▶ [Your task]
Work out the number of lines in the records that include the word "Footage"; reply with that number alone.

▶ [Stored records]
=== Begin Enclosure ===
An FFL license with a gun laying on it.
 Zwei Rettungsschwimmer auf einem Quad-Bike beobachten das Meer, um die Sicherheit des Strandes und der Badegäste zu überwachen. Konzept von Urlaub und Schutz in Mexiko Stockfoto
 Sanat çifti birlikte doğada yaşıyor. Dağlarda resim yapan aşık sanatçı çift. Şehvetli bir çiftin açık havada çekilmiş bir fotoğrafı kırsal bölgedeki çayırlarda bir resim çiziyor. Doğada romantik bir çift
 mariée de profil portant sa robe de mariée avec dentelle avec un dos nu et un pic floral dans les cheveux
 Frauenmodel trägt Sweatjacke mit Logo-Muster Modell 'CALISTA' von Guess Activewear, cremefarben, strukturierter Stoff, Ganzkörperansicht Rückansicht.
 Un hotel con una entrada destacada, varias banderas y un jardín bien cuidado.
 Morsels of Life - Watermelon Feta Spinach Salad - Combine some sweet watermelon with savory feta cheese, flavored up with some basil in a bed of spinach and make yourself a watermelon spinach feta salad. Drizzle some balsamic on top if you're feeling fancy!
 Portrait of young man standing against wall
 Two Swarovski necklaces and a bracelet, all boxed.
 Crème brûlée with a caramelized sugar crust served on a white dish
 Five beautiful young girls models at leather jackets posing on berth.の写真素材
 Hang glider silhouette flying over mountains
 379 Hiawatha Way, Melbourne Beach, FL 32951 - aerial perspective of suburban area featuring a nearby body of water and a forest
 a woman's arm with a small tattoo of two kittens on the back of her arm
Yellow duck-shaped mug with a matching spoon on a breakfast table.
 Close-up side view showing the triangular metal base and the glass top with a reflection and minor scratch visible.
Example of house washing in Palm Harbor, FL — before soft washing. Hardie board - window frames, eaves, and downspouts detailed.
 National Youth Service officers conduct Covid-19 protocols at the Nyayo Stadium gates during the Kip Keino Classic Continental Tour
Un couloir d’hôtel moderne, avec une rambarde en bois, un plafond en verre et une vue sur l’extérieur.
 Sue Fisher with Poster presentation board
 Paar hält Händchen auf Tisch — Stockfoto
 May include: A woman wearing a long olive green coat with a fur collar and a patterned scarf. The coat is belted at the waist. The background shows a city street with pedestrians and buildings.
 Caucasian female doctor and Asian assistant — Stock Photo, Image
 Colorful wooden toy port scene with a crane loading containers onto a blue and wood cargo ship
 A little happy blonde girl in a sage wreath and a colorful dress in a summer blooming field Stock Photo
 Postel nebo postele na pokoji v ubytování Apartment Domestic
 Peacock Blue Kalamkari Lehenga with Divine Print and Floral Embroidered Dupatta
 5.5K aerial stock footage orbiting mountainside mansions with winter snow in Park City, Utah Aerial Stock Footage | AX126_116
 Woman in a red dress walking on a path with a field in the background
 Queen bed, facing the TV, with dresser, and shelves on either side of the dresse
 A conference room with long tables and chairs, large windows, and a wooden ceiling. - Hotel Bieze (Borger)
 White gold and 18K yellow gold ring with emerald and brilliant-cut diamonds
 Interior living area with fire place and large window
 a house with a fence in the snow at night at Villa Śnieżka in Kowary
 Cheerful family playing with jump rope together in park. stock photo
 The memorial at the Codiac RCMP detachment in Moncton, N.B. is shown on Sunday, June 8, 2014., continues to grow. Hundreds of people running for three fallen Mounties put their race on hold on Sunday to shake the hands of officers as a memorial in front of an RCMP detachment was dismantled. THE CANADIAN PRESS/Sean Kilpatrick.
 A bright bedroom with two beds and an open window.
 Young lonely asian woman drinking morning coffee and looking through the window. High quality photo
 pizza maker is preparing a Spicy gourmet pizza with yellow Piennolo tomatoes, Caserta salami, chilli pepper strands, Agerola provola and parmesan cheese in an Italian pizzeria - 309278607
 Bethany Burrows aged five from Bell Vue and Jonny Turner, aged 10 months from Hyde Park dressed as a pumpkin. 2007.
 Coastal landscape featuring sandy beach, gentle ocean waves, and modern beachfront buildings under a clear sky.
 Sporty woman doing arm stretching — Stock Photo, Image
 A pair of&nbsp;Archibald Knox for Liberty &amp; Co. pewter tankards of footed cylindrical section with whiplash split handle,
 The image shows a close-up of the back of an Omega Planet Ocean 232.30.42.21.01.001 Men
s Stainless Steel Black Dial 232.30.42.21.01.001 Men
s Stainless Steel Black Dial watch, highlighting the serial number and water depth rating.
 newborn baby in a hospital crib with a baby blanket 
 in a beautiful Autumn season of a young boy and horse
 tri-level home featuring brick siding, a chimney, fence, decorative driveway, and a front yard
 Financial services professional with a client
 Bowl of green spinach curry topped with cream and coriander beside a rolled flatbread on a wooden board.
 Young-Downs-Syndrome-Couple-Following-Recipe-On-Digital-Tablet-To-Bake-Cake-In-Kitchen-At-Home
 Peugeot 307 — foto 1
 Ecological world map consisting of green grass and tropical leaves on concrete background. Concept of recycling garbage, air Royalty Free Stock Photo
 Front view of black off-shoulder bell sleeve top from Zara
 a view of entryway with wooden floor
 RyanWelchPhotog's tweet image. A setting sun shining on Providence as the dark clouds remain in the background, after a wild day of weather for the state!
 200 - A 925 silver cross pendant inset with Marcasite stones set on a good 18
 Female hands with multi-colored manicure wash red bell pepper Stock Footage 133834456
=== End Enclosure ===
▶ [Exercise response]
2